Penerbangan awal ke luar negeri itu kemudian menjadi perasaan yang candu dan ingin dilakukan lagi oleh Prof. Puji sehingga ia selalu mencari cara untuk bisa terbang keluar negeri. “Tahun 2009-2010 saya mengikuti kegiatan Postdoctoral yang diadakan Dikti di Ohio University,” cerita Prof. Dr. Puji. Di kegiatan tersebut Prof. Puji kemudian bertemu lagi dengan trainernya dulu di NCEE. “Ketika selesai mengikuti postdoctoral saya semakin bersemangat dan penasaran untuk ke negara lain dalam mencari ilmu seperti ke korea selatan. Saya berusaha menulis artikel yang kemudian saya ikutkan ke international conference dan saya kirim RAB saya ke kementerian pendidikan dan kemudian didanai maka saya berangkat ke korea selatan untuk penelitian,” cerita Prof. Puji.
Prof. Puji bersyukur karena hingga saat ini dengan rasa penasarannya terhadap negeri lain dan juga tekadnya untuk kesana bisa mengantarkannya berkunjung ke 44 negara di seluruh benua. “Kunci nya itu pintar mencari peluang dan tidak boleh malas dalam berusaha, apalagi di zaman sekarang yang semakin mudah dalam melakukan segala hal,” ucap WR II.

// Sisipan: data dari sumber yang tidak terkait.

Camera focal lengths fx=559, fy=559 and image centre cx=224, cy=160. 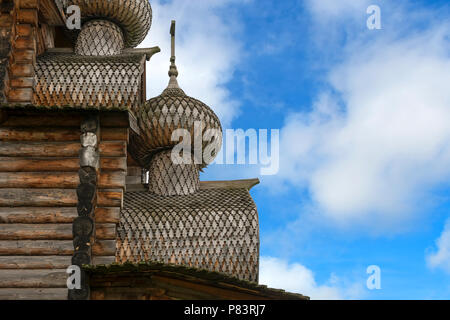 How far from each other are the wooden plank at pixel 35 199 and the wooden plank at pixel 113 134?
34.5 inches

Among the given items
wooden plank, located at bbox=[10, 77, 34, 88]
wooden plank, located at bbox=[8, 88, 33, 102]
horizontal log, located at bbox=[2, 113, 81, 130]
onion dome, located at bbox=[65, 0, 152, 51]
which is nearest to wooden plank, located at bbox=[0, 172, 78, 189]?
horizontal log, located at bbox=[2, 113, 81, 130]

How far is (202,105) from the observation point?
9.61 meters

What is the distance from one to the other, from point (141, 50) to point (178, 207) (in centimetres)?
395

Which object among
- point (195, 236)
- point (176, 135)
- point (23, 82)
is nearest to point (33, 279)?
point (195, 236)

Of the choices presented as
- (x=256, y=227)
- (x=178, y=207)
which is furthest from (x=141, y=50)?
(x=256, y=227)

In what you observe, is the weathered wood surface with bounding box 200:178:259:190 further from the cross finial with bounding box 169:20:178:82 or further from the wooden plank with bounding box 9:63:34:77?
the wooden plank with bounding box 9:63:34:77

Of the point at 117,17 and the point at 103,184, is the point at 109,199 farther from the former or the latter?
the point at 117,17

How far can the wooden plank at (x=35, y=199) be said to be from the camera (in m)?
6.55

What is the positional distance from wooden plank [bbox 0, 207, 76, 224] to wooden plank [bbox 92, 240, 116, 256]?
20.8 inches

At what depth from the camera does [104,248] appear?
269 inches

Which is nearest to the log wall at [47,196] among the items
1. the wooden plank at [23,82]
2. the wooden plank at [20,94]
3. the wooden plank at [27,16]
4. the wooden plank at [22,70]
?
the wooden plank at [20,94]

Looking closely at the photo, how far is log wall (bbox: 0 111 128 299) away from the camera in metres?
6.33

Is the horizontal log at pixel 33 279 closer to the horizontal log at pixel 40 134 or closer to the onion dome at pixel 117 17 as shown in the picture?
the horizontal log at pixel 40 134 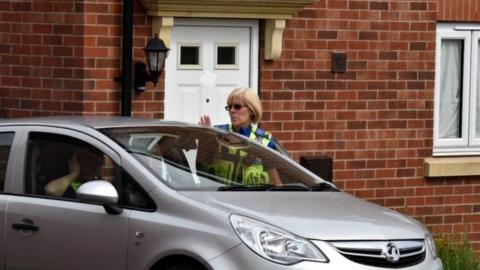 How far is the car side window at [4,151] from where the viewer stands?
8.36 meters

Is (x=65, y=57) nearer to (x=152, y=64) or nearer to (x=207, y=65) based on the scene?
(x=152, y=64)

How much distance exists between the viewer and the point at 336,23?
12344 millimetres

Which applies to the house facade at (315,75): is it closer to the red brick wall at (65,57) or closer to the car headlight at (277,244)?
the red brick wall at (65,57)

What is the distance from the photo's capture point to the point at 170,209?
Answer: 7555 mm

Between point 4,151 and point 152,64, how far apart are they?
2704 millimetres

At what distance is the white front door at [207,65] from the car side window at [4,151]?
3.15 m

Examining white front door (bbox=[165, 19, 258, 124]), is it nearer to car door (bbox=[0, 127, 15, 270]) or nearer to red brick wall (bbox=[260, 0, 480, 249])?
red brick wall (bbox=[260, 0, 480, 249])

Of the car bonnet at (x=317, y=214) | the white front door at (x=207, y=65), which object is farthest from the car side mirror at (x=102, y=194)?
the white front door at (x=207, y=65)

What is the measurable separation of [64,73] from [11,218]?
10.9 ft

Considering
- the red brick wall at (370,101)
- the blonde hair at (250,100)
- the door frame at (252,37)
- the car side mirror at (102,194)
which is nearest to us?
the car side mirror at (102,194)

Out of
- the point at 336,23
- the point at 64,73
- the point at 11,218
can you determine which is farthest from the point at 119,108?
the point at 11,218

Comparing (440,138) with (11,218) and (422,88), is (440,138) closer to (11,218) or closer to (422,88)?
(422,88)

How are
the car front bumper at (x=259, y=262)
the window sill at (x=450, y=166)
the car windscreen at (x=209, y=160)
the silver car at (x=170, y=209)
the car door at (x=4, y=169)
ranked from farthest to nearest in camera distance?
the window sill at (x=450, y=166), the car door at (x=4, y=169), the car windscreen at (x=209, y=160), the silver car at (x=170, y=209), the car front bumper at (x=259, y=262)

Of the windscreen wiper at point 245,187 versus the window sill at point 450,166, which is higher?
the windscreen wiper at point 245,187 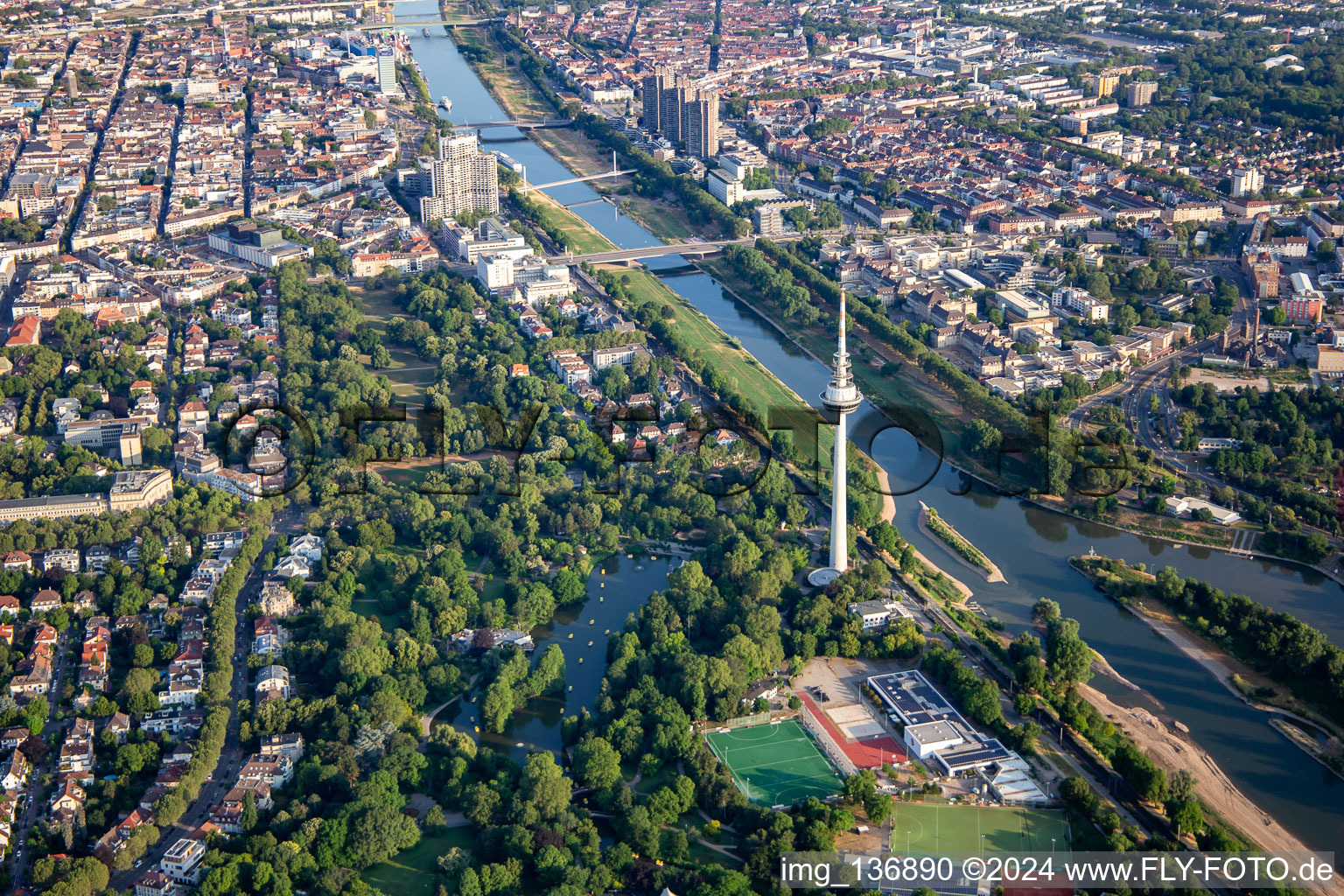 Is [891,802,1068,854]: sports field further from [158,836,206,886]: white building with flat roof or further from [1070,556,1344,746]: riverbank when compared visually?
[158,836,206,886]: white building with flat roof

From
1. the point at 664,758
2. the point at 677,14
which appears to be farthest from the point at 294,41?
the point at 664,758

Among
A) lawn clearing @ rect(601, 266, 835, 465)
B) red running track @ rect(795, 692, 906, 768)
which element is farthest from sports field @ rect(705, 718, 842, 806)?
lawn clearing @ rect(601, 266, 835, 465)

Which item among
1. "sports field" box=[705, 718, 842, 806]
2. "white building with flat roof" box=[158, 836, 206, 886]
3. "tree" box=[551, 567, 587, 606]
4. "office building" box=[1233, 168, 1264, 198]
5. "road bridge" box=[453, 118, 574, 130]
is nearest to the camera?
"white building with flat roof" box=[158, 836, 206, 886]

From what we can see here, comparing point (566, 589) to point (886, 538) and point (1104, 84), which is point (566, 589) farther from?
point (1104, 84)

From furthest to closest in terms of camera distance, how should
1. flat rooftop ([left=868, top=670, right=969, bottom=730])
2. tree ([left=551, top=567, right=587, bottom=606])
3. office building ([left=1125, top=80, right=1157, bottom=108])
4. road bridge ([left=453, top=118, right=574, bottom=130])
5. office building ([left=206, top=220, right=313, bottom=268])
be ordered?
road bridge ([left=453, top=118, right=574, bottom=130]) → office building ([left=1125, top=80, right=1157, bottom=108]) → office building ([left=206, top=220, right=313, bottom=268]) → tree ([left=551, top=567, right=587, bottom=606]) → flat rooftop ([left=868, top=670, right=969, bottom=730])

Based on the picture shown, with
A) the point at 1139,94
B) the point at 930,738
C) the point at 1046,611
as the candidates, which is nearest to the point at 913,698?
the point at 930,738

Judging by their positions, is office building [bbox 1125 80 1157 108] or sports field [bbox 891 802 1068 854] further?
office building [bbox 1125 80 1157 108] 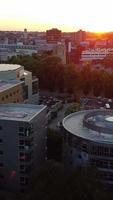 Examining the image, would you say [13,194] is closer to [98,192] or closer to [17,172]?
[17,172]

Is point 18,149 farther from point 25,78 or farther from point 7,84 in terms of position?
point 25,78

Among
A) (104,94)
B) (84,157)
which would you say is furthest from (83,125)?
(104,94)

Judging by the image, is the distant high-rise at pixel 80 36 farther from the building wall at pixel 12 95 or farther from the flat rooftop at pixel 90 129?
the flat rooftop at pixel 90 129

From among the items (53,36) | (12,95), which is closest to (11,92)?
(12,95)

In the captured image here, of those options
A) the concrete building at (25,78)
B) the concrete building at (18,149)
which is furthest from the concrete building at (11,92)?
the concrete building at (18,149)

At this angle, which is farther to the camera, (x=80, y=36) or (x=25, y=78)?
(x=80, y=36)

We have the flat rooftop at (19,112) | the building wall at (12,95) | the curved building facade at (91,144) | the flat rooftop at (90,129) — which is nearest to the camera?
the curved building facade at (91,144) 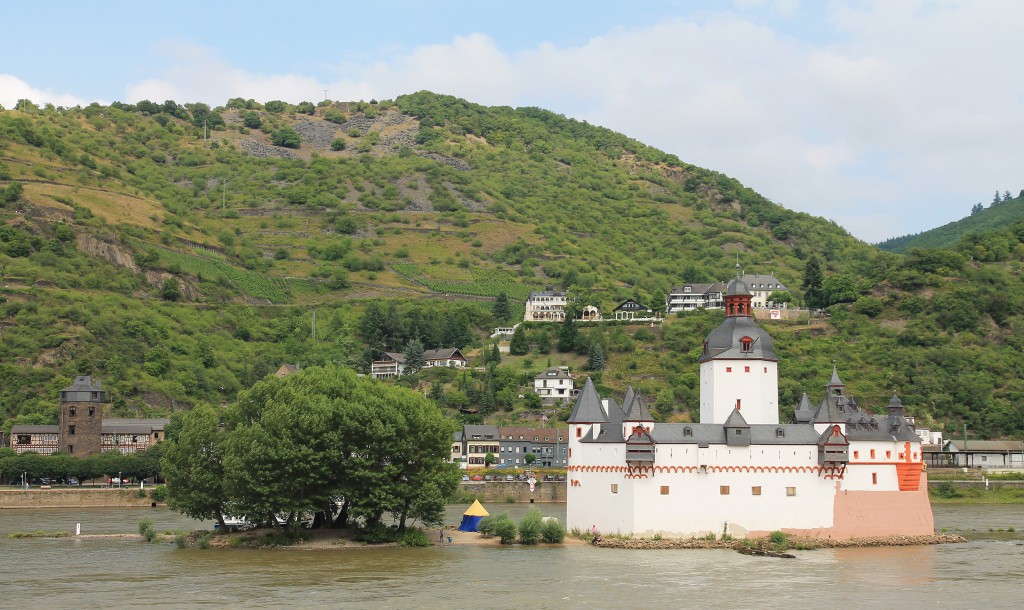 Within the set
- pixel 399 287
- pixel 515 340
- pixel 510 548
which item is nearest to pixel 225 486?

Untuk bisa menjadi WR II UM seperti sekarang Prof. Puji mengakui bahwa dia selalu memegang prinsip untuk selalu optimal dalam mengemban amanah. Dimulai dari ia menjadi dosen baru akuntansi dan kemudian terlibat aktif dalam kepanitiaan sehingga diamanahi menjadi Direktur Galeri Investasi FEB UM. Hasil dari kinerja Prof. Puji yang optimal dan amanah, beliau mampu membawa Galeri Investasi FEB UM juara 1 Nasional kategori Penyebaran Informasi terluas. Setelah menjadi Direktur Galeri Investasi FEB UM, Prof. Puji diamanahi menjadi ketua gugus penjaminan mutu di tingkat departemen akuntansi, lalu menjadi koor prodi S2 akuntansi, kemudian menjadi wakil dekan II FEB, dan akhirnya menjadi WR II UM. “Dalam proses jenjang karir itu saya melangkah demi langkah sehingga ketika saya diberi amanah mengenai suatu hal akan saya lakukan dengan maksimal,” ujar Prof. Puji
Prof. Puji membuktikan bahwa wanita juga bisa memiliki jabatan tinggi di sebuah institusi jika mau bersungguh-sungguh. Menurut Prof. Puji emansipasi wanita itu sebenarnya sudah ada sejak zaman Rasulullah dulu sehingga Kartini di zaman dulu itu sudah ada misalnya Khadijah yang merupakan saudagar kaya dimasa itu yang mana kedudukannya sangat terhormat.“ Indonesia memiliki banyak sekali wanita-wanita hebat seperti Cut Nyak Dien, Cik Ditiro, Meutia itu semua merupakan wanita yang menjadi teladan bagi kita bahwa wanita tidak hanya menjadi ibu rumah tangga saja tetapi bisa berkiprah di luar hal itu,” ucap Prof. Puji
Prof. Puji berpesan, “Bagi para pemuda khususnya mahasiswa UM optimalkan peran kita sebagai wanita dalam menuntut ilmu, kesetaraan dalam menggapai karir kita dengan tetap menjaga kodrat kita sebagai wanita,”. WR II UM itu menambahkan bahwa meskipun sekarang dimudahkan dengan segala hal, baik dari pesan makanan online bahkan bisa memesan pekerja untuk membersihkan rumah, namun terdapat kondisi dimana kita tidak bisa selalu menggunakan itu dan memerlukan kemampuan sendiri dalam melakukannya.